Council members and dozens of residents pressed city officials on Nov. 18 over the city’s contract with Flock Safety, an automated license plate reader (ALPR) vendor, after an audit showed a national-search function in the vendor’s system had allowed cross‑jurisdictional searching that implicated California law.
Council member O’Hara opened the discussion, saying she had worked with staff and community members to respond to concerns and asking the police chief to brief the public. Police Chief Escalante told the council the city had been “recently made aware that Flock Safety identified violations” stemming from activation of a national search tool that allowed out‑of‑state agencies to search cameras that included Santa Cruz locations. He said Flock told the department it deactivated the tool on Feb. 11, 2025 and had added filters and permissions designed to prevent out‑of‑state access to cameras in California.

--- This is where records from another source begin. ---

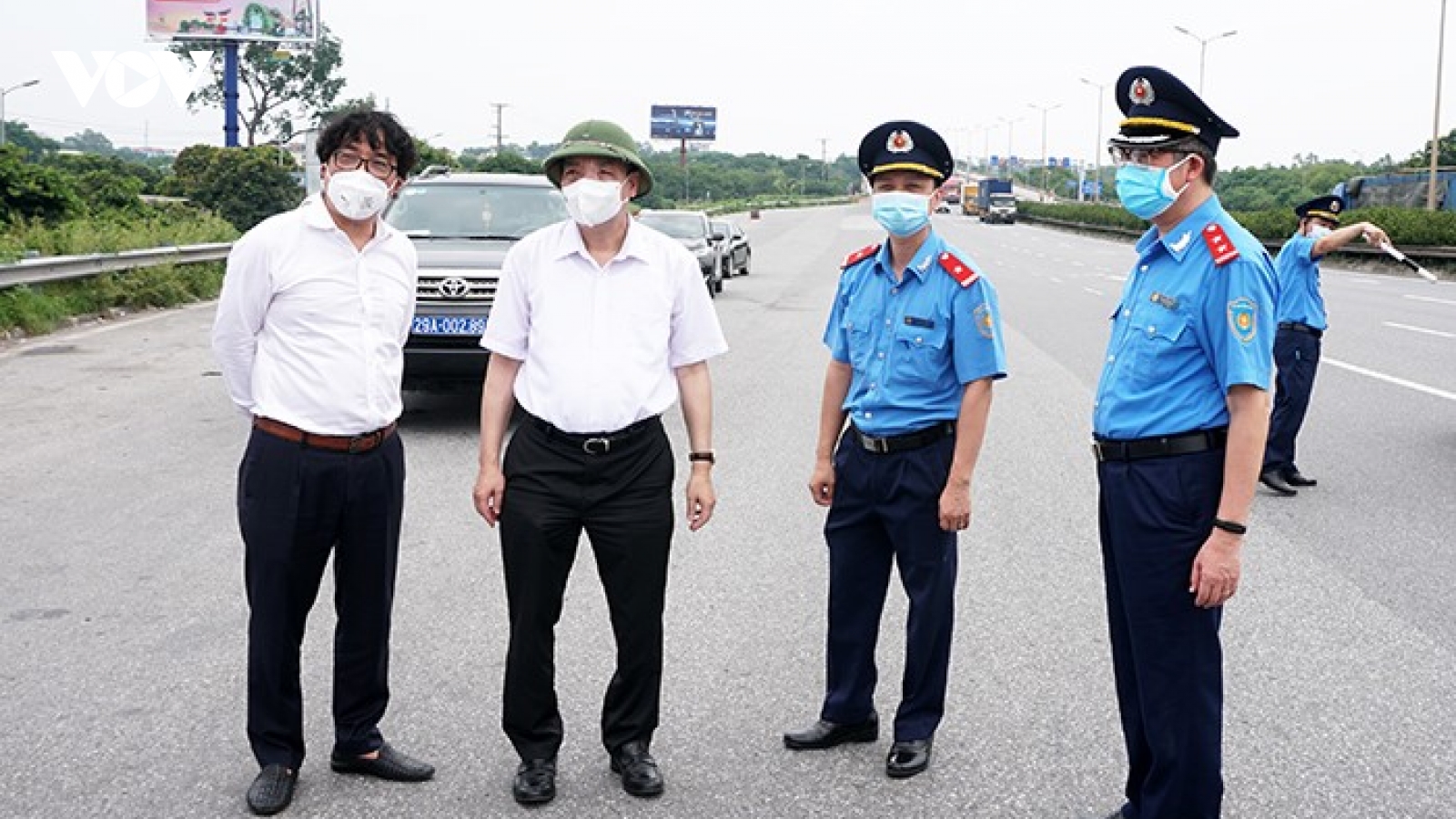 Chủ tịch Hà Nội thị sát đường Vành đai 3, chỉ đạo phương án thông xe nhanh nhất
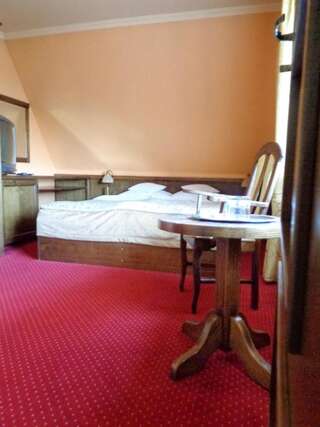 Отели типа «постель и завтрак» Villa Bialka Groń Двухместный номер с 1 кроватью и собственной ванной комнатой-1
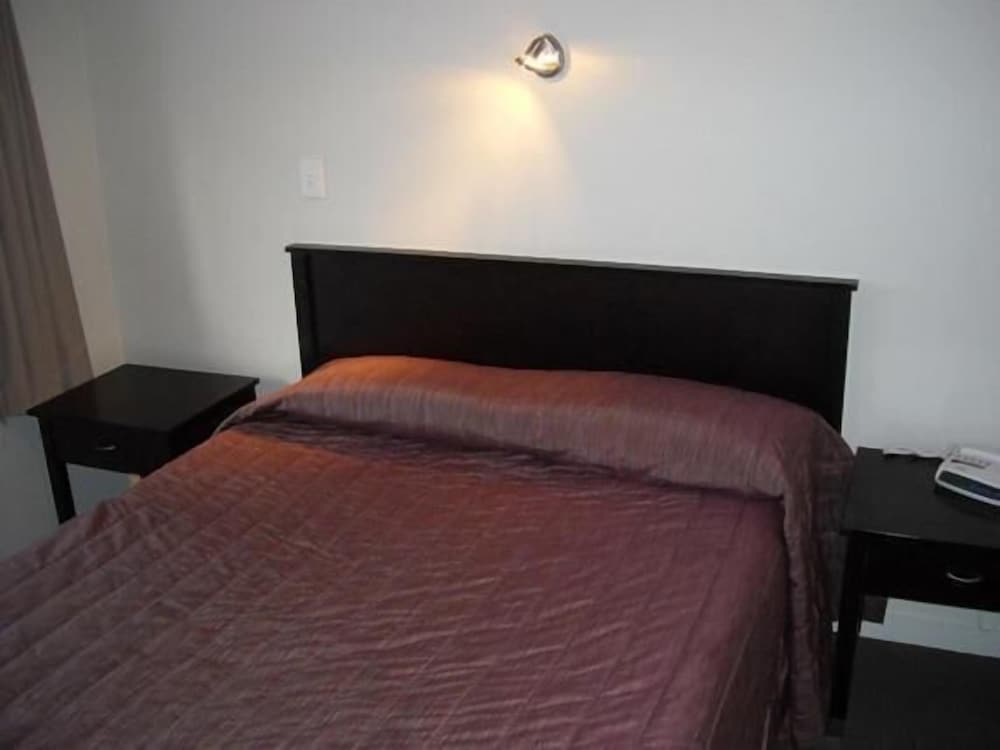 St John's Court Motel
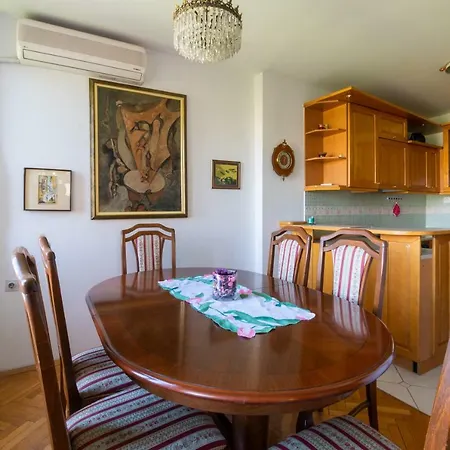 Apartman Economy ǀ 2br ǀ 6 People ǀ Parking ǀ Main Location *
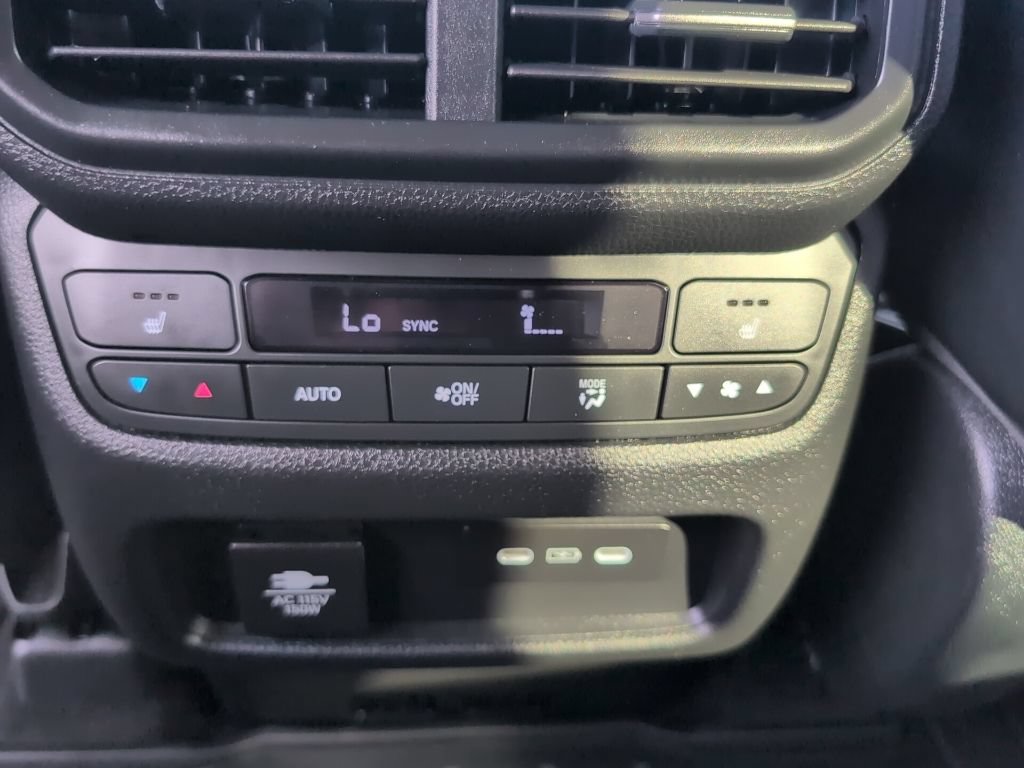 Used 2025 Honda Pilot Elite image 36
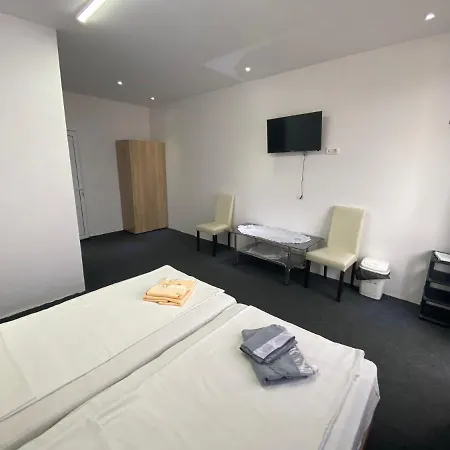 Hotel Asq *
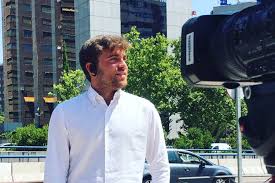 He signed his first professional contract in june 2016. Cdyfsusjpnkzvm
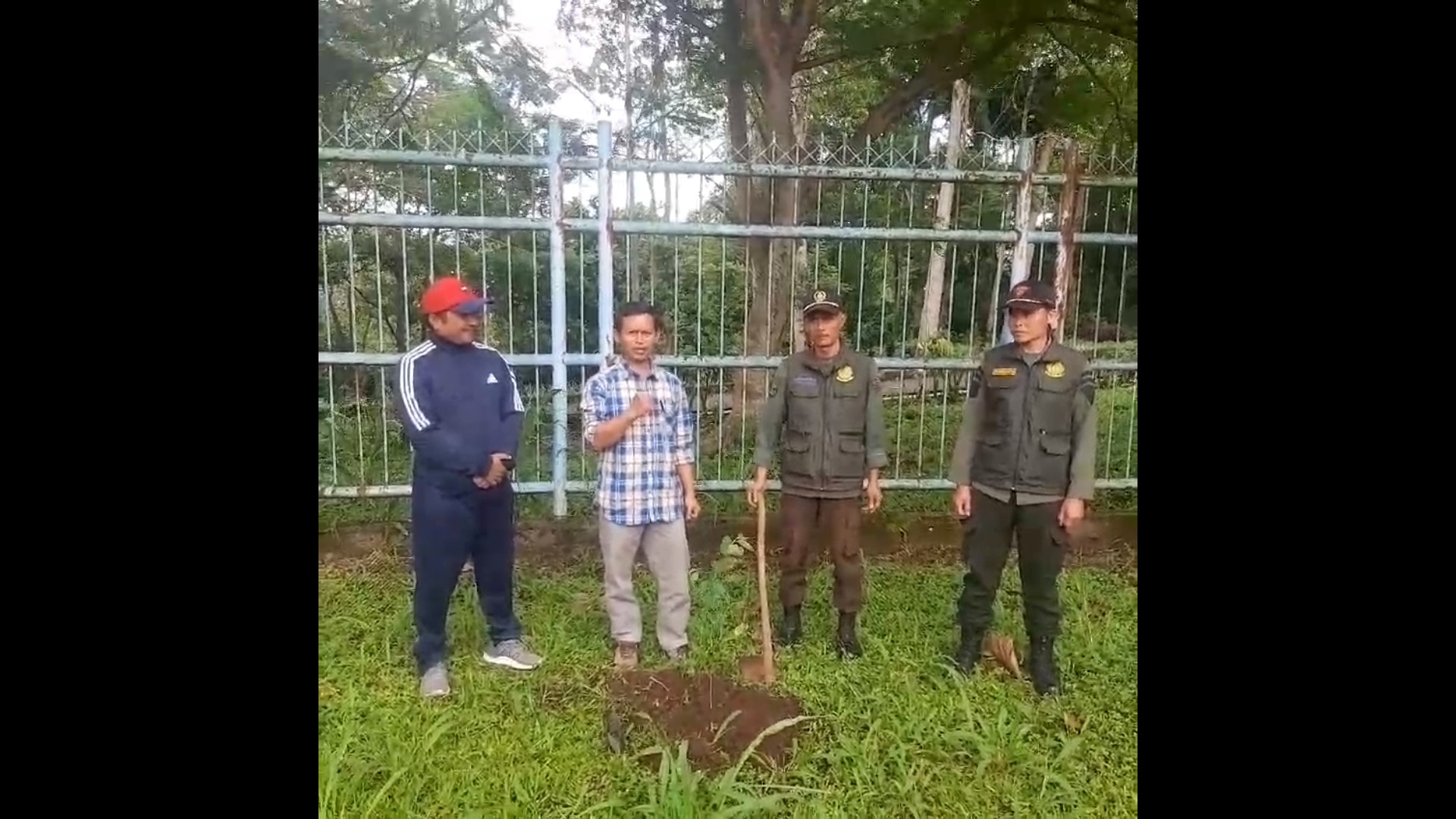 Nyaah Ka Bandung 1.000 bibit  Pohon Sumbangan Dinas Kehutanan Propisi Jawa Barat Ke UPT Pusat Olahraga Universitas Pendidikan Indonesia.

“We were not aware and these were not deliberate attempts by city staff to circumvent state law,” Escalante said, adding the department has met repeatedly with Flock and initiated internal changes to strengthen oversight. He said the department had found no evidence that Santa Cruz camera data had been used by a federal agency for immigration enforcement.
Community advocates pushed for stronger action. Amy, speaking for Get the Flock Out, told the council that national sharing was still occurring in other jurisdictions and argued the company’s data practices are insecure, citing claims that Flock data had appeared on dark‑web markets. Peter Galb of the ACLU asked the chief to specify which internal policies had been changed and how the city would verify security and deletion claims.
In response, O’Hara said the city will “temporarily stop participating in the statewide sharing portal, limiting access to our data while we complete this review.” She said future access would be handled on a “case‑by‑case basis” with written attestations required from requesting agencies. O’Hara also asked staff to update the city’s transparency portal with records of external searches and to return to council on Dec. 9 with the results of a comprehensive review and a proposed contract amendment.
Council members and community speakers emphasized the city’s sanctuary commitments and asked that contract language explicitly prohibit use of ALPR data for immigration enforcement. Several public commenters urged that the city either cancel or not renew the contract; others, including business and neighborhood speakers, stressed balancing privacy concerns with public‑safety benefits of cameras.
Next steps: staff will provide council a December 9 update with proposed contract language and the results of the department’s review. The council’s statements and the police chief’s briefing will be part of the public record ahead of that meeting.